Chicago judge Richard Posner has thrown out Apple and Motorola's jury trial set to start next Monday, calling their patent claims "frivolous" and "ridiculous". Posner had previously forbidden Apple from turning the case into a "popularity contest", which is certainly fair given the experts that Apple is prone to dragging out for these kinds of cases. Finally, he decided that "neither party can establish a right to relief", and tentatively dismissed the case altogether. The jury trial was needed to decide if either side was due damages, and with Posner dismissing the case himself, he won't decide if Apple or Motorola are due a full-blown injunction either. Motorola and Apple are also duking it out in Europe, but that's another can of worms altogether.

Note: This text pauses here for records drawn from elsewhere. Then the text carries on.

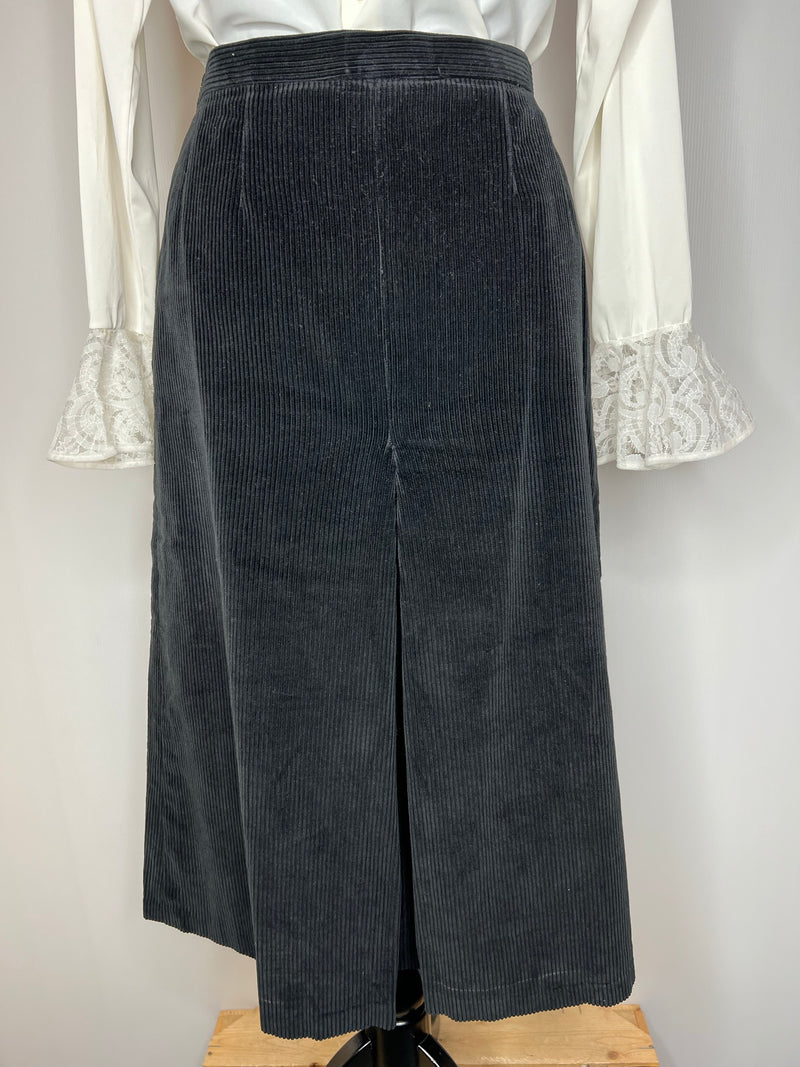 womens  vintage  Urban Village Vintage  urban village  Skirts  skirt  retro  knee length  jaeger  high waisted  high waist  corduroy  circle skirt  black  A-Line  8  70s  70  1970s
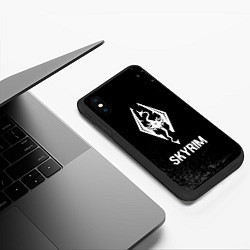 Чехол iPhone XS Max матовый Skyrim glitch на темном фоне, цвет: 3D-черный — фото 2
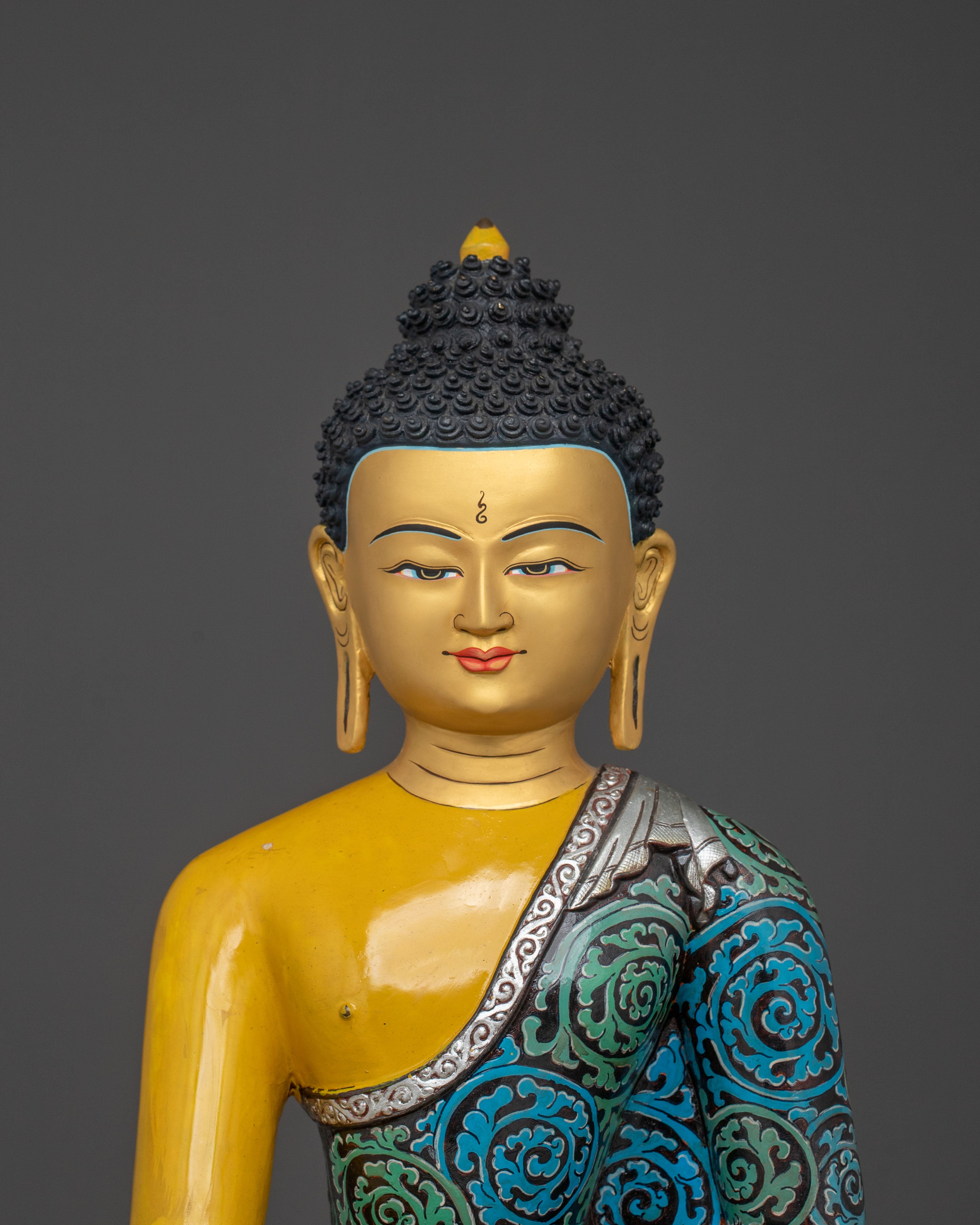 The Traditional Shakyamuni Buddha Statue in 24K Gold Gilded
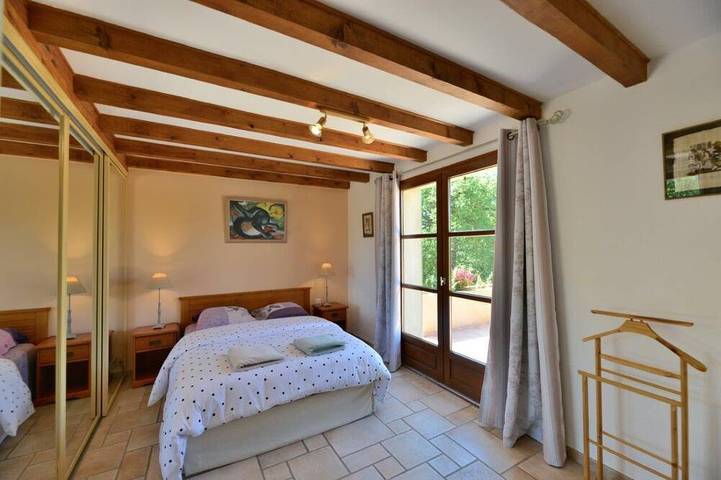 Location de vacances pour 6 personnes, avec jardin, animaux acceptés à Mons (Var) - 4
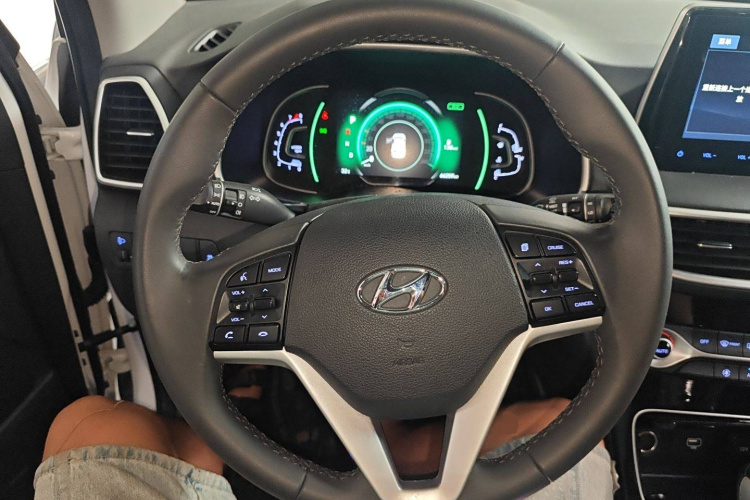 现代 途胜 2020款 280TGDi 两驱GLS时尚版 国VI中控内饰13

Google bought Motorola as a means of protecting Android on the patent front, but it's becoming increasingly obvious that it's just as much opening them to attack. Figuring out timelines in relation to Motorola's acquisition has been important in figuring out if it's just Motorola that's liable for potential patent infringements, or if Google's on the hook as well. The patents Apple and Motorola have been fighting over span from cloud to GSM technologies, few of which, Posner has previously argued, a jury would be able to understand and deliver a verdict on .
So what happens next? Posner hasn't issued a detailed order about throwing out the case, but we should see something next week, and he reserves the right to change his mind before then. If the case is well and truly done in Chicago, Apple and Motorola will likely have to take this fight to the federal level, and due to a previous ruling in Florida, Motorola may not be able to bring their case to court until 2014 unless the ITC steps in (though they're unlikely to agree to ban sales for anyone). Long story short: Google and Apple will have their horns locked in court for eons.